Excellent Point! I definitly need to do that.

Thanks everyone one for the info. I think I will skip the pine shavings for at least the first week and put the carboard down with paper towels on top of that......
 
Put down paper for the 1st week or so until you know that all the chicks are feeding and drinking. Each day you can add another layer of paper right on top of the previous day's layer. This will keep the mess down and the chicks won't be pecking at their fecal material and getting it all over them.

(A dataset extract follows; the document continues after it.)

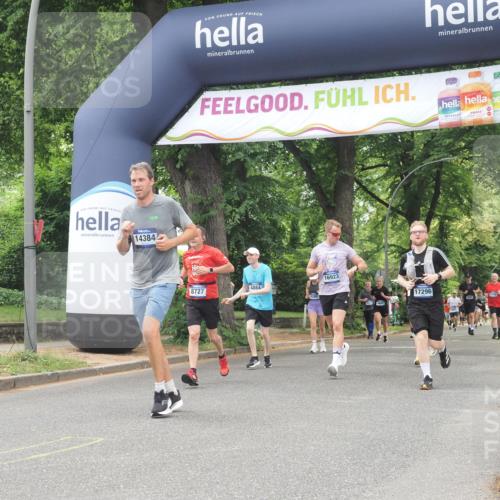 29.06.2025 - hella hamburg halbmarathon KatJ http://msf.ph/oto/8528977 29.06.2025 10:56:14 Zwischen KM18-KM19 4649, 4864, 8727 meine-sportfotos.de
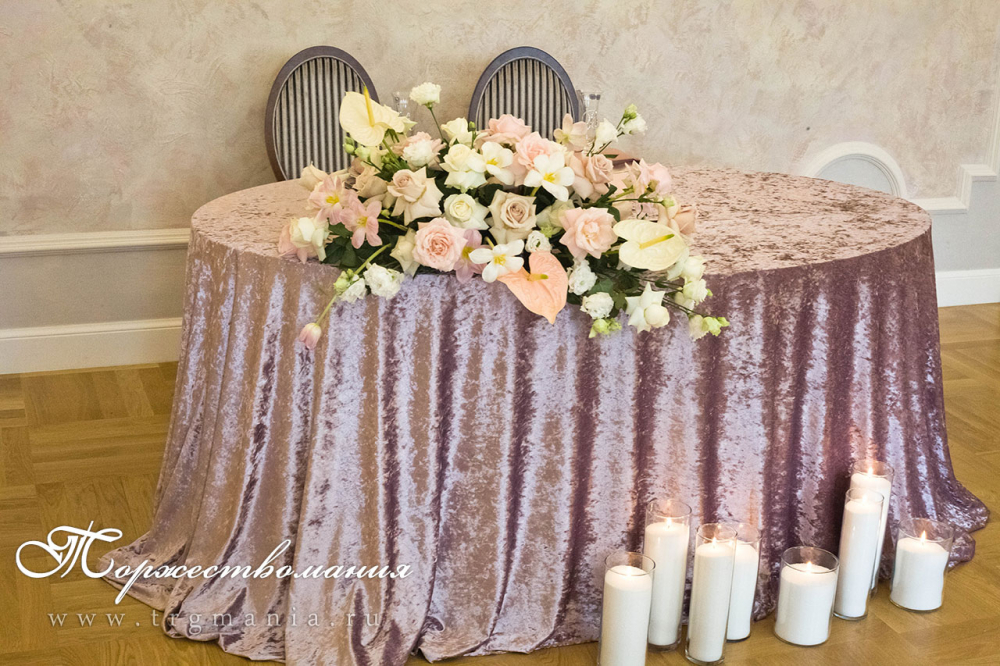 декор свадебного стола молодоженов цветочными композициями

Once all the chicks are drinking and eating properly and all looks good, just roll up the layers of paper and throw it all away, The chicks will then be on woodshavings...or whatever you had under the paper.
 
I just hatched 32 last week. I put mine on Equine Fresh pellets. I have to say I love it. It has worked much better than pine shavings so far. No body is scratching shavings into the water. If one of the pellets does get into the water it just dissolves into a fine crumble like the chick starter. No smell so far and you can't even see the poop. The chicks are scratching through and eating the starter they have kicked out onto the floor of the brooder. I have a chick feeder and a couple of very shallow dishes with feed in them for the smaller chicks as they are reluctant to stick their heads into the feeder in the beginning.

I would highly recommend the pellets. This is my third batch of chicks, and the pellets are working much better than the shavings for me.